Among the entries, find each line that includes the string "Residential" and list it.

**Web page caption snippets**
______

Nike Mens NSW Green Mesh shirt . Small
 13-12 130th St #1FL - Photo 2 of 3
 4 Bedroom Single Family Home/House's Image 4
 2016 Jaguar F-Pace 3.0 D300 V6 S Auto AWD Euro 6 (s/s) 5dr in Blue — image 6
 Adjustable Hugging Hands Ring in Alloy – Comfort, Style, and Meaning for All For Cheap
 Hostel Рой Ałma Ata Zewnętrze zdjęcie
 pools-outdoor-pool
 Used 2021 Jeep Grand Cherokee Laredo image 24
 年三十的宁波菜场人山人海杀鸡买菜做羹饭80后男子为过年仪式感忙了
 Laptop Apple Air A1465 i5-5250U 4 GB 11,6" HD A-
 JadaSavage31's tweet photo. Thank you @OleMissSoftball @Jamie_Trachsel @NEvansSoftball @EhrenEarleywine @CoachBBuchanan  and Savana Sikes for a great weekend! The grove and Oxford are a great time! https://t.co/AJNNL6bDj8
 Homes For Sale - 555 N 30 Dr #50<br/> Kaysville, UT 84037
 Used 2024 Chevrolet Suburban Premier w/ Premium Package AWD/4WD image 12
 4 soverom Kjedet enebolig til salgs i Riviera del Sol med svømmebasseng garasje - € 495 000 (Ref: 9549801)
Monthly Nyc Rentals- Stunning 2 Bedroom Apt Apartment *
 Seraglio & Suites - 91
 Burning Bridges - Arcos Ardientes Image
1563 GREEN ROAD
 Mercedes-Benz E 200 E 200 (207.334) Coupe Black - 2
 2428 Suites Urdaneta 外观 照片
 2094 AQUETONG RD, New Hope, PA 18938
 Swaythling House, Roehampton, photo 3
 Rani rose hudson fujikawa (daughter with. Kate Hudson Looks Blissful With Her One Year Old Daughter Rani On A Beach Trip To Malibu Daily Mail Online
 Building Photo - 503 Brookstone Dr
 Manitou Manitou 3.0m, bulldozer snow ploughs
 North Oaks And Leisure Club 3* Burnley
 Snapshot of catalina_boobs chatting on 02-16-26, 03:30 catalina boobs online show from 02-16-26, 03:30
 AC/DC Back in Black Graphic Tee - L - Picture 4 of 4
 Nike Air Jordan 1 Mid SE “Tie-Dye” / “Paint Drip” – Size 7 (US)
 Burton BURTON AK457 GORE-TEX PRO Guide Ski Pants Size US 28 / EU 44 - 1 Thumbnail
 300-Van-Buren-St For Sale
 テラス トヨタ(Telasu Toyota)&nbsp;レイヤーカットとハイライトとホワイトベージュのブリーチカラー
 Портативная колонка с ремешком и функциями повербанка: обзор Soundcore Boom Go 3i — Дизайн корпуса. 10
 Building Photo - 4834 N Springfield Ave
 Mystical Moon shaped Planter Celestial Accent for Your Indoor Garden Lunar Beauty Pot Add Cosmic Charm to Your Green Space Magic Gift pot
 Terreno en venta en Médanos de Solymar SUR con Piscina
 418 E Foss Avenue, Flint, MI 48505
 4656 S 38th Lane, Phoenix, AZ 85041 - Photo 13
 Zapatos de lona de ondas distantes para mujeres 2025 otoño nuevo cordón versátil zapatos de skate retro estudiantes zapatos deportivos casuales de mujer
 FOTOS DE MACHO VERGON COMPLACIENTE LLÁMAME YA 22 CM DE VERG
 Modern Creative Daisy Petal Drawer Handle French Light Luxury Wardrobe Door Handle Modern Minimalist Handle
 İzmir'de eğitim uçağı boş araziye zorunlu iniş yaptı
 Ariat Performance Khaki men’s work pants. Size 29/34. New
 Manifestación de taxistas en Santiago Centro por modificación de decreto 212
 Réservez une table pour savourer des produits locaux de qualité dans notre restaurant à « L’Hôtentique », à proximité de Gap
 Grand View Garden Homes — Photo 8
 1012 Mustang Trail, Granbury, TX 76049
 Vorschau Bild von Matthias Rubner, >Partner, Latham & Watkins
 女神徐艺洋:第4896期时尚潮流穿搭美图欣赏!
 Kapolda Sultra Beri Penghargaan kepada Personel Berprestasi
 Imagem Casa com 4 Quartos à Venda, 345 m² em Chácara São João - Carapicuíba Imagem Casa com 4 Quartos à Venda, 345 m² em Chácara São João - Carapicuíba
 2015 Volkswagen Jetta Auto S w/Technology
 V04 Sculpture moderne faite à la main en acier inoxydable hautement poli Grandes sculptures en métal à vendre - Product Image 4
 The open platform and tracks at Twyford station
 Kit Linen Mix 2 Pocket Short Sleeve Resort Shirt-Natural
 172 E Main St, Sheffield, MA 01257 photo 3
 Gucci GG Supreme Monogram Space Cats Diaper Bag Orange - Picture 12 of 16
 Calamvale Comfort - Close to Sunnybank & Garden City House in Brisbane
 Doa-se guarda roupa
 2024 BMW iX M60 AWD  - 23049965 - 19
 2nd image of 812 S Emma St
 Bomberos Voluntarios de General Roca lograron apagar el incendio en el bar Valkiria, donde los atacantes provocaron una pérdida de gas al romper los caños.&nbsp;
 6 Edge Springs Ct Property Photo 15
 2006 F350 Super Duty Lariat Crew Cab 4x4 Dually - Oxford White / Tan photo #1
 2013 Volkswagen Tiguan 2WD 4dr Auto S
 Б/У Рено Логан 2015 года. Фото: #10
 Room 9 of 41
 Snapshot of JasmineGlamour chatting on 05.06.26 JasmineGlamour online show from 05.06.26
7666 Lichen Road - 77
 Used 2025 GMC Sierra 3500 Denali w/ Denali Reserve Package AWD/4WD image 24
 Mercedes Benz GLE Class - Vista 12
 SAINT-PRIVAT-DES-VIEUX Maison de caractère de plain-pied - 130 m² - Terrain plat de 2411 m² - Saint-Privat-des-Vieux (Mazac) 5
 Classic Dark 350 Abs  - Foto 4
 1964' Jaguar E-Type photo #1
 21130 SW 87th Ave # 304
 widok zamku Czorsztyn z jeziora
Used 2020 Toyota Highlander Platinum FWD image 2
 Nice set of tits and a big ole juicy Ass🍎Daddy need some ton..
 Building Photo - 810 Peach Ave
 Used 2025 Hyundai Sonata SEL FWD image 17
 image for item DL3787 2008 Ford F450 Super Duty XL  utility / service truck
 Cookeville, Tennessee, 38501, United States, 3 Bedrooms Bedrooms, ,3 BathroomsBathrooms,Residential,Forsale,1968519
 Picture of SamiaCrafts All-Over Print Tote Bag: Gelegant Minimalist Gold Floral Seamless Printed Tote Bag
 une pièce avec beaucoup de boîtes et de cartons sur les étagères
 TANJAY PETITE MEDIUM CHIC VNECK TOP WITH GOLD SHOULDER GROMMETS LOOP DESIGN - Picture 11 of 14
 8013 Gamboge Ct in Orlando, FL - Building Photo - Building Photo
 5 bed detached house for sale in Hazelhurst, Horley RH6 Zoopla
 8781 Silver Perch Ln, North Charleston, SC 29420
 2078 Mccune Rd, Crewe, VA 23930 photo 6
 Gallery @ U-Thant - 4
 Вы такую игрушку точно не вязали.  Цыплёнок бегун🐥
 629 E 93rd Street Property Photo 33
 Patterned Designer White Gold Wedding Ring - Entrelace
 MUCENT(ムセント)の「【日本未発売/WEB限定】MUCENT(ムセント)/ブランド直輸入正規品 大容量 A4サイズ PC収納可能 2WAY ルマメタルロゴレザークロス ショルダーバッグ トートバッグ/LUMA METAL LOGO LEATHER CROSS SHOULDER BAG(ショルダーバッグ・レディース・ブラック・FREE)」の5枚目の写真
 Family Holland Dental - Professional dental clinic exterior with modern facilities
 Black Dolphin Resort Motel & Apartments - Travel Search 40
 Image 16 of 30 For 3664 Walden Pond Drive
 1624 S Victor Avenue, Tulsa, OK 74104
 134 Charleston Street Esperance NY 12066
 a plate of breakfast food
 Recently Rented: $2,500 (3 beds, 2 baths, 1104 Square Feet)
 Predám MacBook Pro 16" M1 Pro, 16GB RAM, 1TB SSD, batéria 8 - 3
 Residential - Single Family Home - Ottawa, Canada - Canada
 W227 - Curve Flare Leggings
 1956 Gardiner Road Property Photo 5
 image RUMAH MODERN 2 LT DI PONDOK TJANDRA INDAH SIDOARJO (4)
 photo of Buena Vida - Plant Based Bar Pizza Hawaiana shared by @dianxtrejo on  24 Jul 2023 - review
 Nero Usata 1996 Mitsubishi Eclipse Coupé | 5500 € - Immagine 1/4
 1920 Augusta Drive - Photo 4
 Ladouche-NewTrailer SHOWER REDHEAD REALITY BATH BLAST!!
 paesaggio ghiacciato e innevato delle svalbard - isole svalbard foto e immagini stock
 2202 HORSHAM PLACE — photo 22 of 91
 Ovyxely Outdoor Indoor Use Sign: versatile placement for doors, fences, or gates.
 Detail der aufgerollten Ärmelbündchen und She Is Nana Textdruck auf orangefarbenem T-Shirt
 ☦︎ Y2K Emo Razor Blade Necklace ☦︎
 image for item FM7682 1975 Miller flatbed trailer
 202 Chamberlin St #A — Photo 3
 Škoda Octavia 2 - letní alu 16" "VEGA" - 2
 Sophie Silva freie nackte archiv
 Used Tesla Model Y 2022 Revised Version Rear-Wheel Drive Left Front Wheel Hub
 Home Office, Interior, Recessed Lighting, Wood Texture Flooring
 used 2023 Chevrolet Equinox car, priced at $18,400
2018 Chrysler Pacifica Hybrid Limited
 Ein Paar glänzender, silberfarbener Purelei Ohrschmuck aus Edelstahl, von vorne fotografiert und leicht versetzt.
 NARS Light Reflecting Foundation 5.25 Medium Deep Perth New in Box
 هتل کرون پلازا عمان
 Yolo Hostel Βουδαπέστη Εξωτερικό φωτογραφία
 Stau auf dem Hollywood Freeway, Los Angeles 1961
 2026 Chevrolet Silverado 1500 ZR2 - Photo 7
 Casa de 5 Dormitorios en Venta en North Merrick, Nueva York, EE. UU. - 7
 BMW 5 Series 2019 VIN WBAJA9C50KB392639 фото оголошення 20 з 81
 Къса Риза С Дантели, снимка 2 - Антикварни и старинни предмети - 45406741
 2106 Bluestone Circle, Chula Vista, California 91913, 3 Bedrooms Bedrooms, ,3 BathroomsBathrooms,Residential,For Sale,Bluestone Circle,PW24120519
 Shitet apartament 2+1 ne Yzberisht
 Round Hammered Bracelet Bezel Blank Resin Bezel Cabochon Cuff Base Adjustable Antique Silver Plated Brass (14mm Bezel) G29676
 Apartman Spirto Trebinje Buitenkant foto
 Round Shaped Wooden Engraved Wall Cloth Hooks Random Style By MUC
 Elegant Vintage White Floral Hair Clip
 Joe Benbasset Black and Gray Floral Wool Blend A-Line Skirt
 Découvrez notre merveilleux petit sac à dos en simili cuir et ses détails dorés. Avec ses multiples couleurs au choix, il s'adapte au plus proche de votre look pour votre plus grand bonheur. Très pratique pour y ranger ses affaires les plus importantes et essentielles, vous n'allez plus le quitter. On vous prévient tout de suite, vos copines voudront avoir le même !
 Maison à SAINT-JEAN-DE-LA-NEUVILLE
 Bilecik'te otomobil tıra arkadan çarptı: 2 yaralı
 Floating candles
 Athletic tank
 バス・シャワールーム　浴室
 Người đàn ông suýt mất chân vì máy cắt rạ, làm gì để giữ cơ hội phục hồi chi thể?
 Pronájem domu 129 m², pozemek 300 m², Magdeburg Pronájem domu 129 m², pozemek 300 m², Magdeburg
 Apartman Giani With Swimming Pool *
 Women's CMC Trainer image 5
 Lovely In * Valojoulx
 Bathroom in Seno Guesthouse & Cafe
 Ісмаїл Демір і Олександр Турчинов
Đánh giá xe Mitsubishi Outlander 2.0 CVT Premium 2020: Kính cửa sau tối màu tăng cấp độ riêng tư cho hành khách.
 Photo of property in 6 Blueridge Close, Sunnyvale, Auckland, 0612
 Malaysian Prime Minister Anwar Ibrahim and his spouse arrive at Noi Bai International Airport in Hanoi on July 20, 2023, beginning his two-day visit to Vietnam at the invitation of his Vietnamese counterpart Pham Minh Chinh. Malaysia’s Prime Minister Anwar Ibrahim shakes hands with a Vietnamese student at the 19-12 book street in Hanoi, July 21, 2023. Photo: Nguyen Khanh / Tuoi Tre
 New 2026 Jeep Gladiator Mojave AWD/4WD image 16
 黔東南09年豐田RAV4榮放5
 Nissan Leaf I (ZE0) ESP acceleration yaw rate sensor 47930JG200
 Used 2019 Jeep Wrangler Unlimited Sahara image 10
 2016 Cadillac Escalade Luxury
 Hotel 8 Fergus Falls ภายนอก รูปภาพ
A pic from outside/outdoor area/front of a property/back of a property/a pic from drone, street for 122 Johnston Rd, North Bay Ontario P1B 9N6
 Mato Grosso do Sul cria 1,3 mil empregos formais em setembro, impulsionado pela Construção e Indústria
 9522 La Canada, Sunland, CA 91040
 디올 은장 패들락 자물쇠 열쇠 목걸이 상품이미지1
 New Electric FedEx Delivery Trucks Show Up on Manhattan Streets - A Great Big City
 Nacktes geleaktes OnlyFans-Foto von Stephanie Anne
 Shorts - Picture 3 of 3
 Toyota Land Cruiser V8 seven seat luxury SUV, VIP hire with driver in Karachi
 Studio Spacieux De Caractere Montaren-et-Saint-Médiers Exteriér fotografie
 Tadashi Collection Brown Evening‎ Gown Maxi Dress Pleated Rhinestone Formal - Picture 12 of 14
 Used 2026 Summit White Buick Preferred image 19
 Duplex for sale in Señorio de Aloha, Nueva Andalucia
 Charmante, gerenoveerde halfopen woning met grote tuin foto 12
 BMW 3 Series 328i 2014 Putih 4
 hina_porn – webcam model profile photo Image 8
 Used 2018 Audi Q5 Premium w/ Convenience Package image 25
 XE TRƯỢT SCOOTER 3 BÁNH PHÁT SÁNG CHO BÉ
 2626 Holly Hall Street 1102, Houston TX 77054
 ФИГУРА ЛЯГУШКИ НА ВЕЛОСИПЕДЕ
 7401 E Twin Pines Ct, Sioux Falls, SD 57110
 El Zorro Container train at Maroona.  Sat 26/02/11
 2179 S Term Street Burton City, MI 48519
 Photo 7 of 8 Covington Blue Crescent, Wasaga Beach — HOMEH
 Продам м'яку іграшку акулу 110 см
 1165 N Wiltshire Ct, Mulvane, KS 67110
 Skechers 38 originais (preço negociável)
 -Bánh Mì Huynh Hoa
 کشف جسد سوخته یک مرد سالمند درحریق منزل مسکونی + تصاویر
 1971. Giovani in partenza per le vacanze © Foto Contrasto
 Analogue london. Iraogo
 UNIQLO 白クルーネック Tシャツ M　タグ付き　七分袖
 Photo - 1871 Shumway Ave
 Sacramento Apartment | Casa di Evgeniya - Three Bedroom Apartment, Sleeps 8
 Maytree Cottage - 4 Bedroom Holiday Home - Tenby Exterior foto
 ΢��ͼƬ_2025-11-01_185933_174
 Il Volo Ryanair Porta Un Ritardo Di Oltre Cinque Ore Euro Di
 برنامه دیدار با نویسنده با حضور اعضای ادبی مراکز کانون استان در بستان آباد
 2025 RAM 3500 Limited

______

**THE ANSWER**
 Cookeville, Tennessee, 38501, United States, 3 Bedrooms Bedrooms, ,3 BathroomsBathrooms,Residential,Forsale,1968519
 Residential - Single Family Home - Ottawa, Canada - Canada
 2106 Bluestone Circle, Chula Vista, California 91913, 3 Bedrooms Bedrooms, ,3 BathroomsBathrooms,Residential,For Sale,Bluestone Circle,PW24120519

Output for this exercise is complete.